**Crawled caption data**
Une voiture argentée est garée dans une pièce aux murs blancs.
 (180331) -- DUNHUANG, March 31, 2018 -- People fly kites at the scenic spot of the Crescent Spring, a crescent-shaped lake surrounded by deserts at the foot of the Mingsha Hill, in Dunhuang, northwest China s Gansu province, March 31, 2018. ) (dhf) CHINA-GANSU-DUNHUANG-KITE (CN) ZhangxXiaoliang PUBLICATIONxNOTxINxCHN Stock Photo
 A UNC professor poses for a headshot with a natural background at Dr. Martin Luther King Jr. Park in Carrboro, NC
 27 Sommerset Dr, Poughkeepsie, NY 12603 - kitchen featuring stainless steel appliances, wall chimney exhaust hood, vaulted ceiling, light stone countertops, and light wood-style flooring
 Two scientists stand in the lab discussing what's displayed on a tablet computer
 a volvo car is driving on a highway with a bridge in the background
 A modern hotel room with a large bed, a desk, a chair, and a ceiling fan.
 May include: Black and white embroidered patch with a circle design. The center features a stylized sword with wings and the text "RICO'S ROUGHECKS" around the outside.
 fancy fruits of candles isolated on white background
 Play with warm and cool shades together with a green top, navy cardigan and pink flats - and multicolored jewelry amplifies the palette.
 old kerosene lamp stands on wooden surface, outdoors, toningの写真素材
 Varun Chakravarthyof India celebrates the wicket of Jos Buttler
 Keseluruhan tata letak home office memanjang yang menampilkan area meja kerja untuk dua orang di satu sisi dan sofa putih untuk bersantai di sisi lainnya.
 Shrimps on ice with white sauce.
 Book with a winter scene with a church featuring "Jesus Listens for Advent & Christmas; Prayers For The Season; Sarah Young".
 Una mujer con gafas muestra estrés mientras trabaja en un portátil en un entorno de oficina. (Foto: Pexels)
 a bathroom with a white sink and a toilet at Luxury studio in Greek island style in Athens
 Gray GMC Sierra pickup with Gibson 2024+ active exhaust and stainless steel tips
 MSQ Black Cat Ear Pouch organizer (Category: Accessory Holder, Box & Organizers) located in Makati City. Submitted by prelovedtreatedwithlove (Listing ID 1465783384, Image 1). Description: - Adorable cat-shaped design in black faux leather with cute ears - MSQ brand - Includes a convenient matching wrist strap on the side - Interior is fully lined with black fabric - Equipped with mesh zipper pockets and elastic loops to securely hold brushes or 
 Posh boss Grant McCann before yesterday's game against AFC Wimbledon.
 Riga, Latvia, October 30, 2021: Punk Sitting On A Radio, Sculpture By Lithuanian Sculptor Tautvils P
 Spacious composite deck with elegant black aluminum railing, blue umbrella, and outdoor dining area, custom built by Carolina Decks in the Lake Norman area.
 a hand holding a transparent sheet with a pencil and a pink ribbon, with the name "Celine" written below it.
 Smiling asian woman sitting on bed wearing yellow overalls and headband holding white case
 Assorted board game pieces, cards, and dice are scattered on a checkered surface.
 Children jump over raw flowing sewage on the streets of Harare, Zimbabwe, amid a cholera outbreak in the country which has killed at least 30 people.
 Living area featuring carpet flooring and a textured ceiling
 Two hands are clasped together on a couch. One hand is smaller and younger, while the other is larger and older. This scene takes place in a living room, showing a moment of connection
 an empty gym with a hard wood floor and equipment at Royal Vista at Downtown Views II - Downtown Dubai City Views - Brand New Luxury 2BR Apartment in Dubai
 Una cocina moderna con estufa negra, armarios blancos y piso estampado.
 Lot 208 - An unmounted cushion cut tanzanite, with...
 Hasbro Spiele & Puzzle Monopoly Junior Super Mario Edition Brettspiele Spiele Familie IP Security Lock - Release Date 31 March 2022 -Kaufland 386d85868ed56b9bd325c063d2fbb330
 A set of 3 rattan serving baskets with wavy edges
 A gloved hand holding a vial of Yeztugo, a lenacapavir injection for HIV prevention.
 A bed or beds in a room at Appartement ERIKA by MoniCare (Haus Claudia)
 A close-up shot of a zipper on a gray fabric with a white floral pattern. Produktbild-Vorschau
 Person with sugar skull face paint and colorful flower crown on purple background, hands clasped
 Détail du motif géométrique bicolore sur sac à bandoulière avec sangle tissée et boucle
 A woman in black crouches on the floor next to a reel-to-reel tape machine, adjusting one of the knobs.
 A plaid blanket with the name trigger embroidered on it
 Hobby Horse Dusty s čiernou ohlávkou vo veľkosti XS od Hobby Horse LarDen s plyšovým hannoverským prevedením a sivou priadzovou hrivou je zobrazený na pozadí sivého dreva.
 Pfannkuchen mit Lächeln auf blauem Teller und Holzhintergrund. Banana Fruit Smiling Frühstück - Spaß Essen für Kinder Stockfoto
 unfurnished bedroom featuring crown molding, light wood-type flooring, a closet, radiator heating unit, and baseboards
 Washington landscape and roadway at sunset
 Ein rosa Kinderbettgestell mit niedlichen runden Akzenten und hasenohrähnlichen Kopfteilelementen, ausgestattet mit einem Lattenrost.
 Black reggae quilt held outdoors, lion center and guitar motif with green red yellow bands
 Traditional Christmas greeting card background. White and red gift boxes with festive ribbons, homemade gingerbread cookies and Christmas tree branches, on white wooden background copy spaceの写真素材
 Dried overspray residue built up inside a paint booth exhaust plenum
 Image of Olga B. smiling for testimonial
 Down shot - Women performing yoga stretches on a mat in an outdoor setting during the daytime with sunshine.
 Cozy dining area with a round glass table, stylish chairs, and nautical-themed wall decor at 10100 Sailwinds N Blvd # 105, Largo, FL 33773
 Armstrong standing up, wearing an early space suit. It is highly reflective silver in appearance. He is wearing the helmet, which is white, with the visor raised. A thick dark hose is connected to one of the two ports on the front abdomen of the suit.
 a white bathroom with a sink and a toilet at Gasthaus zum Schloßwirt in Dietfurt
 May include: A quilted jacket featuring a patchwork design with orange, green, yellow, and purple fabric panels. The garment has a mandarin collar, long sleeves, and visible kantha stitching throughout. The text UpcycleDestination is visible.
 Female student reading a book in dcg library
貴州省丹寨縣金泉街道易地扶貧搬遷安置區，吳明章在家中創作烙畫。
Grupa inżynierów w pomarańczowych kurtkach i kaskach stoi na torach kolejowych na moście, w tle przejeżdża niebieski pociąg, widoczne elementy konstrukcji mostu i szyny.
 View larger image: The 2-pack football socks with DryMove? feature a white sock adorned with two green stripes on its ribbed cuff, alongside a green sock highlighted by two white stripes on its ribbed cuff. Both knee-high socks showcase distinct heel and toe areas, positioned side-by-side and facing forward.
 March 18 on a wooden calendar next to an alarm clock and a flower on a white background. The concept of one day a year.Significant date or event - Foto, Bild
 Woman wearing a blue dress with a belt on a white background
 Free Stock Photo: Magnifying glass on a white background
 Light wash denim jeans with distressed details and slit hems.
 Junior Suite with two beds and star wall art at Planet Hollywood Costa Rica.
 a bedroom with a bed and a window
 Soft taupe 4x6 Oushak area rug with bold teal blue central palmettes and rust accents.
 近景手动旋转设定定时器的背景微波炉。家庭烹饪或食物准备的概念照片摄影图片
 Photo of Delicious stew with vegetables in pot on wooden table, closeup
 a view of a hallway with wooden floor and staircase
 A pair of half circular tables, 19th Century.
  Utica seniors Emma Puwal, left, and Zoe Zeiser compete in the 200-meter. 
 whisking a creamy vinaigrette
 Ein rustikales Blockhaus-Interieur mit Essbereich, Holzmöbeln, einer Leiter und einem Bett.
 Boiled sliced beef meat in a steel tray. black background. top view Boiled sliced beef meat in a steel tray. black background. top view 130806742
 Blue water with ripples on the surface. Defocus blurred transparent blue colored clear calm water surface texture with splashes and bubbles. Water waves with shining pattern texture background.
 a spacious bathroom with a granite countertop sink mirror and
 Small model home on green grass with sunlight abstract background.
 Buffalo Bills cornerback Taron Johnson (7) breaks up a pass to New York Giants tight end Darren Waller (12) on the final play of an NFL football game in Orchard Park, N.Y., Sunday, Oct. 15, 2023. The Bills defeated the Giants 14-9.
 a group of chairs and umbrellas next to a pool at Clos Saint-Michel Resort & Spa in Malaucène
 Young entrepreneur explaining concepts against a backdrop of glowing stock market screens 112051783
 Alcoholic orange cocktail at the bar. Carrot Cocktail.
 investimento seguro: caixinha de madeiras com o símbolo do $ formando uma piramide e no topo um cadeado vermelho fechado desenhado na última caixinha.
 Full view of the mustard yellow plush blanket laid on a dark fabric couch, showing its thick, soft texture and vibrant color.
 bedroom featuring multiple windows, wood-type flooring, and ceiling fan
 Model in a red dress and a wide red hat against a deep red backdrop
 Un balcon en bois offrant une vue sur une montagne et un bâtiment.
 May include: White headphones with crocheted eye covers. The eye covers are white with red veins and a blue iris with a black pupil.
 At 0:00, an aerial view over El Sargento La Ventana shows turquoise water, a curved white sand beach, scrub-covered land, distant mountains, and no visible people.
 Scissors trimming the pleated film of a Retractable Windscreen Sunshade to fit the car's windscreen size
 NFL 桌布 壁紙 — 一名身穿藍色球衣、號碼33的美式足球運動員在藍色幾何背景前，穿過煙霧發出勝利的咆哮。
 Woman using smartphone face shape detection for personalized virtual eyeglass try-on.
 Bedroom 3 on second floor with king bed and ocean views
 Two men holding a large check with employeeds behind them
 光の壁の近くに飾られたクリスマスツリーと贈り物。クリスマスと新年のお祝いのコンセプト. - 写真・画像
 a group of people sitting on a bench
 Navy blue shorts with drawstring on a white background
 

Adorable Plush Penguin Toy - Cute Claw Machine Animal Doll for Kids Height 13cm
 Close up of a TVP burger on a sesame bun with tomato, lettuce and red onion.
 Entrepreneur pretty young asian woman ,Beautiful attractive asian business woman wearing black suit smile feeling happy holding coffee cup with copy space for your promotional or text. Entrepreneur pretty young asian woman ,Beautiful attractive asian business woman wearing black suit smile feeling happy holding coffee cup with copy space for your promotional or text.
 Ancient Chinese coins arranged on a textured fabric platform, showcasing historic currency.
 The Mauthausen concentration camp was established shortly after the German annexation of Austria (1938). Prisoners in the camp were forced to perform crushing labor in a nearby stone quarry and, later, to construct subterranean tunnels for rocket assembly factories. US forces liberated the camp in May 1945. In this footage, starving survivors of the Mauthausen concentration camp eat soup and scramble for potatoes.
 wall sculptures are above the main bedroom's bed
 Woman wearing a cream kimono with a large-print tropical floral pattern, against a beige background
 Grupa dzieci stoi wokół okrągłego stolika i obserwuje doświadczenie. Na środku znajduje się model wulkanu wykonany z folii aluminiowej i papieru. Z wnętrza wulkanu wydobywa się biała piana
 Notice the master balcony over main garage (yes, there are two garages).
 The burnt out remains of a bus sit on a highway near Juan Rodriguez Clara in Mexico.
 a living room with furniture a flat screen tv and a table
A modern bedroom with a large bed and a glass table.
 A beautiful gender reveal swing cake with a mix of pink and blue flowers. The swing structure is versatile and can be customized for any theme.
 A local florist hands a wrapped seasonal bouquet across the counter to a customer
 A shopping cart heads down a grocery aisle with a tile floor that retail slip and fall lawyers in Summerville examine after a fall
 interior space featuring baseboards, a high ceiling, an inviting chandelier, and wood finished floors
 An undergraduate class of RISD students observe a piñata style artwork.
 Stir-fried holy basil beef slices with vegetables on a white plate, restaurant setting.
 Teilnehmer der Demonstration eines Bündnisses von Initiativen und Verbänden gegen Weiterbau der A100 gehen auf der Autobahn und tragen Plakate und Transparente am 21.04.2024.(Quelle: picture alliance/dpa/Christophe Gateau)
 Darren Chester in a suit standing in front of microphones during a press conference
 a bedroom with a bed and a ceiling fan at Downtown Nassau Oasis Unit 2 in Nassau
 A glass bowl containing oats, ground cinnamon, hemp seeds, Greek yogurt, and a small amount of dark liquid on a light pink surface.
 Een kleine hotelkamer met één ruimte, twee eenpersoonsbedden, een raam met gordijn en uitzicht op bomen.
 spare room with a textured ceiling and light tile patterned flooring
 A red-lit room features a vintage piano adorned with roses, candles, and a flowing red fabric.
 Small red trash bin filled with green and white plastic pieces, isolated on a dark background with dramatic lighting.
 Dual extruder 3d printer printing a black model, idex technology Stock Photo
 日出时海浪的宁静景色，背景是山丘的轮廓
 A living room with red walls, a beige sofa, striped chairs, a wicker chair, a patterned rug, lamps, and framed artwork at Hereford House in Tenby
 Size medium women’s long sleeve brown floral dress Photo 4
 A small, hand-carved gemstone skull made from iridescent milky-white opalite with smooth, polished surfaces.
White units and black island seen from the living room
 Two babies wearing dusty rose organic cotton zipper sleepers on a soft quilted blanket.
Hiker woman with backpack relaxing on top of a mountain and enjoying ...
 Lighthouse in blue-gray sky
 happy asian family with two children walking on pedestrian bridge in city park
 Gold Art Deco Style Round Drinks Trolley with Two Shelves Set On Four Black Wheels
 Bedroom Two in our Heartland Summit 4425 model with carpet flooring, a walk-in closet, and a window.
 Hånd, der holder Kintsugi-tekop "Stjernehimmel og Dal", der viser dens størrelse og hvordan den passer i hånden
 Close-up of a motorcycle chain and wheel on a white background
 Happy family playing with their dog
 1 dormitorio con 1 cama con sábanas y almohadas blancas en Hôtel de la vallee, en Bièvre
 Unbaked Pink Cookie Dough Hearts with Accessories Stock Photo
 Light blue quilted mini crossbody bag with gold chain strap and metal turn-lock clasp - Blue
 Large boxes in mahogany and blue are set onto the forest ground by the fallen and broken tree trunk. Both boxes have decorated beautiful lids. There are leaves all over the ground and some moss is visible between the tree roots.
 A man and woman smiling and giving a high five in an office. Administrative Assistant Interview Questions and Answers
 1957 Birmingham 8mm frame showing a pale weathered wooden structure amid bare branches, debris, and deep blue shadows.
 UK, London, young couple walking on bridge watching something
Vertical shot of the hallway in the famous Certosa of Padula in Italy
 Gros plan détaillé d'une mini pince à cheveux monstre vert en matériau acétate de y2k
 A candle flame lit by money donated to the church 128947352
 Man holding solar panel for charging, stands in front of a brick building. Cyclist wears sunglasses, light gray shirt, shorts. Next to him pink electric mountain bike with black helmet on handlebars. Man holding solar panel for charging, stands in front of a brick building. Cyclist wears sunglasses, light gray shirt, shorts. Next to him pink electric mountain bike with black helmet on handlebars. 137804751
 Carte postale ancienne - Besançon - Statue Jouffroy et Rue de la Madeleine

**YOUR ASSIGNMENT**
Please show each line in the records above that contains "candles".

**RESULT FOR THIS TASK**
 fancy fruits of candles isolated on white background
 A red-lit room features a vintage piano adorned with roses, candles, and a flowing red fabric.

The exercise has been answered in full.